Blood flow to the kidney is kept constant by the process of autoregulation. Although many details of renal autoregulation remain controversial, investigations in animals and humans have established that renal autoregulation is critical to maintenance of extracellular fluid volume and systemic blood pressure. Impaired renal autoregulation has been observed in many pathological conditions, including hypertension, chronic and acute renal failure (ARF).
The endothelium is now recognised as a large and complex endocrine organ, with many important physiological functions controlled through the generation of a number of vasoactive factors. Renal endothelial function directly influences autoregulation through nitric oxide (NO)-dependent and NO-independent mechanisms. Although changes to the L-arginine-NO pathway have been observed in hypertension and in ischaemia-reperfiision injury, endothelial dysfunction has been poorly characterised in the kidney.
This study was designed to develop a simple in vitro experimental model for studying the role of endothelium in the intact kidney based on the isolated perfused rat kidney (IPRK). Once developed, the model was first used to examine the interaction between angiotensin II (Ang II) and NO in control of renal autoregulation under physiological conditions and then in animal models where endothelial dysfunction was likely to be present, namely in salt-sensitive hypertension utilising the deoxycorticosterone acetate (DOCA)-salt rat model and in ischaemic ARF.

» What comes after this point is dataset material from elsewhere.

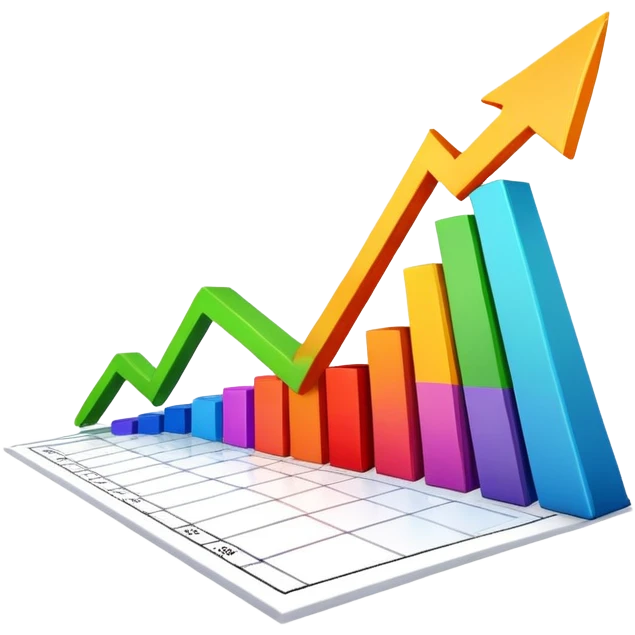 Upward trending business chart with arrow pointing up emoji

In Chapter 1, this review of the literature presents a brief review on renal function, autoregulation and of possible mediators and modulators of renal autoregulation and endothelial function. General methods including the basic IPRK model are described in Chapter 2. Chapter 3 describes the development of the IPRK as a model for investigation of renal autoregulation and methods for quantifying endothelial function in the intact kidney. These studies showed that the IPRK autoregulated well when Ang II was present. The endothelium-dependent vasodilator, methacholine (MCh), antagonised Ang II-facilitated autoregulation. The methods and results were reproducible and the model could be used to study the roles of endothelium-derived vasoactive factors in renal autoregulation.
The interaction between NO and Ang II in renal autoregulation is explored in Chapter 4. The results from this chapter suggested that excess NO impaired autoregulation under baseline conditions in this model and that endogenous and exogenous NO, vasodilator prostaglandins and endothelium-derived hyperpolarizing factor (EDHF) activity all antagonised Ang II-facilitated autoregulation. Facilitation of autoregulation by Ang II was blocked by inhibition of tubuloglomerular feedback (TGF) by frusemide, the AT1 antagonist Losartan, and the superoxide scavenger Tempol. These results suggested that the actions of Ang II were mediated by an AT1 linked TGF mechanism through depletion of NO, probably by stimulating superoxide generation.
In Chapter 5, the mechanisms of impaired endothelial function and renal autoregulation in the salt-sensitive hypertensive rat model induced by DOCA-salt treatment are investigated. NO production continued in DOCA-salt kidneys and antagonized autoregulation, but was shielded from Ang Il-mediated reduction. Increasing NO production by chronic L-arginine supplementation reversed the raised autoregulatory threshold and restored Ang II-facilitation of autoregulation, but this was not antagonised by MCh. This study illustrated that impaired renal endothelial function in this model involved reduced activities of both NO and EDHF, while L-arginine supplementation partially reversed NO depletion, reduced EDHF activity appears to be irreversible.
In Chapter 6, the role of endothelium is explored in kidneys subjected to ARF induced by varying periods of ischaemia followed by 24 hours reperfusion. The maximal vascular responses to both Ang II and MCh were unchanged, but the EC50 of Ang II and MCh were increased in kidneys treated with 60 minutes bilateral ischaemia, demonstrating endothelial dysfunction. Renal autoregulation was impaired by the overproduction of NO due to prolonged ischaemia, but continued to be facilitated by Ang II at a higher dose and was enhanced by NOS inhibition. TGF was still preserved 24 hours after 60 minutes ischaemia.
These studies demonstrate that the IPRK is a useful model for the in vitro study of endothelial function and renal autoregulation, allowing detailed investigation of the interactions between Ang II and endothelium-derived autacoids. The project provides novel insights into the underlying mechanisms leading to endothelial dysfunction and impaired renal autoregulation in hypertensive and ARF rat kidneys.